-- Directions for this task --
Set the records down once more so that they match the source word for word.

(Beginning of The data)

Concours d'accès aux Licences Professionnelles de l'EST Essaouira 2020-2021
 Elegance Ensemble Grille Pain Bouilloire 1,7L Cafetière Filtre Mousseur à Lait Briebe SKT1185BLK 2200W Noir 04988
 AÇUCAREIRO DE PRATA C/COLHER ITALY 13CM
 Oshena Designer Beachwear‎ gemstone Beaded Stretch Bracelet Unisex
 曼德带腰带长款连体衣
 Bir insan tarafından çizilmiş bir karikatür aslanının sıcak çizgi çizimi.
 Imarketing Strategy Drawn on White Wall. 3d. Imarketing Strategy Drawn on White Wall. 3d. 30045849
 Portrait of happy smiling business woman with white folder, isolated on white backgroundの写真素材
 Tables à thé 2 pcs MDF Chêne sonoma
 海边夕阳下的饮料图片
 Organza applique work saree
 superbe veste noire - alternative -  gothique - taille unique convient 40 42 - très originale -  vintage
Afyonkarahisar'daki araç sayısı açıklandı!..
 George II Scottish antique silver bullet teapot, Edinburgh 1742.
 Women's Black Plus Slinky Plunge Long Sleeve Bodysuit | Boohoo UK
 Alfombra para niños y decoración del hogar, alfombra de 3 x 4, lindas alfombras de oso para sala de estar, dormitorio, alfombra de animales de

(End of The data)

-- Written solution --
Concours d'accès aux Licences Professionnelles de l'EST Essaouira 2020-2021
 Elegance Ensemble Grille Pain Bouilloire 1,7L Cafetière Filtre Mousseur à Lait Briebe SKT1185BLK 2200W Noir 04988
 AÇUCAREIRO DE PRATA C/COLHER ITALY 13CM
 Oshena Designer Beachwear‎ gemstone Beaded Stretch Bracelet Unisex
 曼德带腰带长款连体衣
 Bir insan tarafından çizilmiş bir karikatür aslanının sıcak çizgi çizimi.
 Imarketing Strategy Drawn on White Wall. 3d. Imarketing Strategy Drawn on White Wall. 3d. 30045849
 Portrait of happy smiling business woman with white folder, isolated on white backgroundの写真素材
 Tables à thé 2 pcs MDF Chêne sonoma
 海边夕阳下的饮料图片
 Organza applique work saree
 superbe veste noire - alternative -  gothique - taille unique convient 40 42 - très originale -  vintage
Afyonkarahisar'daki araç sayısı açıklandı!..
 George II Scottish antique silver bullet teapot, Edinburgh 1742.
 Women's Black Plus Slinky Plunge Long Sleeve Bodysuit | Boohoo UK
 Alfombra para niños y decoración del hogar, alfombra de 3 x 4, lindas alfombras de oso para sala de estar, dormitorio, alfombra de animales de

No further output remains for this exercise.